1.- El kitsch surgió en una coyuntura en que el contenido intelectual convergió con la apariencia de su época, es decir, de la era de la máquina.

2.- El problema del arte, ante esta situación, es una cuestión ética que no se resuelve en la propia exigencia ética del artista que busca crear “buenas” obras y que resiente la presión del kitsch que quiere producir obras “bellas”.

3.- El kitsch, que basa su autoridad sobre el gusto en una búsqueda amoral de lo “bello”  por encima de lo “bueno” (que positivamente se denominaría “lo útil”), encarna un antojo por un pasado que debió ser “bello”, ejecutando un desplazamiento hasta el área de la cultura que pertenece al cliché de las convenciones fijas que introyectamos en el objeto-arte para suplir efectivamente la carencia natural de autenticidad en la fabricación en serie y así crear una atmósfera de seguridad que la sociedad demanda.

              Otro autor indispensable en la exploración de este concepto que formalmente es más bien una idea en mutación constante es Milan Kundera, quien tanto en La insoportable levedad del ser (1993) como en El arte de la novela (1987) se apega al kitsch como ideal esteticista de una sociedad que padece de un mal gusto generalizado y sujetado por oprobiosas inequidades y, peor aún, confusos contenidos en la teoría, cuando anota que Broch se había quedado corto al no reconocerle al kitsch un valor más allá del romanticismo spleen (hedonista, ególatra) de finales del siglo XIX francés.

              Kundera da un paso adelante asegurando la existencia y la interacción de concepciones como la actitud y el comportamiento kitsch y, todavía mejor, de los deseos del “Hombre kitsch” (kitschmensch) y para fundamentar su opinión, siempre apoyado en su cosmovisión de literato, trata de explicar el basamento de esta sensibilidad acusando su origen en el romanticismo sentimental que Nietzsche señaló en los sobregiros del estilo burgués de Víctor Hugo:

1.- El kitsch es la negación de todo lo que resulta esencialmente inaceptable en la existencia humana, cancelándolo en un sentido metafísico para reconfigurar a su gusto el sentido literal y figurado de todos los significados.

2.- El kitsch provoca dos lágrimas, una inmediatamente después de la otra.

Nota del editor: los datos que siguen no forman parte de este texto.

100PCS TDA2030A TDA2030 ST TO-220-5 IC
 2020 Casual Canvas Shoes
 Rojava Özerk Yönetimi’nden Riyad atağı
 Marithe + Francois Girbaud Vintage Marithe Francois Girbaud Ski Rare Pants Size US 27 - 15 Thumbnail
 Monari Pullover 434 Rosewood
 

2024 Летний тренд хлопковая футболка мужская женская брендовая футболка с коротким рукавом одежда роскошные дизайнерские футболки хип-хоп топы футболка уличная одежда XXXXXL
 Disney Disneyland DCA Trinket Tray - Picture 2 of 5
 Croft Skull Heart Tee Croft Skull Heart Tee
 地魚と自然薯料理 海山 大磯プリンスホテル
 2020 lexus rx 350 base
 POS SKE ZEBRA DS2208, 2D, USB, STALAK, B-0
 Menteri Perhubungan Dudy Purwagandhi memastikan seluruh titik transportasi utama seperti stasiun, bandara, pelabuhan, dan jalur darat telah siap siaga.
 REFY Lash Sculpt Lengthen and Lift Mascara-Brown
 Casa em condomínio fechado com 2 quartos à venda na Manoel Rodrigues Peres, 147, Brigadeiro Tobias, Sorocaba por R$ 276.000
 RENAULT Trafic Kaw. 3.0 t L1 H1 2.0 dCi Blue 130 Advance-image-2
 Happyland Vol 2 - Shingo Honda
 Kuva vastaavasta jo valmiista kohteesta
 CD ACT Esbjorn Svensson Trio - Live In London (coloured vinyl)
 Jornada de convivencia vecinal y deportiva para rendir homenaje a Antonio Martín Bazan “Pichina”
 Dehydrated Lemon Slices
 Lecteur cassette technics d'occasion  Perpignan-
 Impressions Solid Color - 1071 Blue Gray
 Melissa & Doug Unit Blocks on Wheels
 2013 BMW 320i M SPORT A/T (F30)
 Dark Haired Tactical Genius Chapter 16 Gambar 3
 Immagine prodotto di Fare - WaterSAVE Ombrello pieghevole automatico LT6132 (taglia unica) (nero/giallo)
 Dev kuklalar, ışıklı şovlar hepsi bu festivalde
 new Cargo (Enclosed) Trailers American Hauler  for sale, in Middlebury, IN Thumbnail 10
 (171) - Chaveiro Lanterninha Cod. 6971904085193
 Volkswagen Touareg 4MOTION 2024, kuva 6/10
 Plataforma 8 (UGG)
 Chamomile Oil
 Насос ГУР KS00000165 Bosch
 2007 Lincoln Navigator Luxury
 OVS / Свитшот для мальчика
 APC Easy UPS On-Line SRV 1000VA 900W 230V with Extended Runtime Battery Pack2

La primera lágrima dice: “¡Qué hermoso, los niños corren por el césped!”, la segunda dice: “¡Qué hermoso es estar emocionado junto con toda la humanidad al ver a los niños corriendo por el césped!”. Es la segunda lágrima la que convierte al kitsch en kitsch. La hermandad de todos los hombres sólo podrá edificarse sobre el kitsch.

3.- En el Imperio del Kitsch  totalitario las respuestas están dadas por anticipado y eliminan la posibilidad de cualquier pregunta.

              Al tomarse en cuenta las tres ricas opiniones de Eco, Broch y Kundera y considerarlos como los tres pioneros más definitorios del kitsch como estilema masivo, es posible afirmar que, en la vaguedad que es la insignia que convoca la palabra de marras, su conceptualización abierta y periódicamente fortalecida por su propia producción mediática, puede ser ajustada no obstante, a estos encuadres que tienen vigencia por plantear una lógica tangible respecto a la cual se han conducido el arte y la sociedad creadora de gustos y modas.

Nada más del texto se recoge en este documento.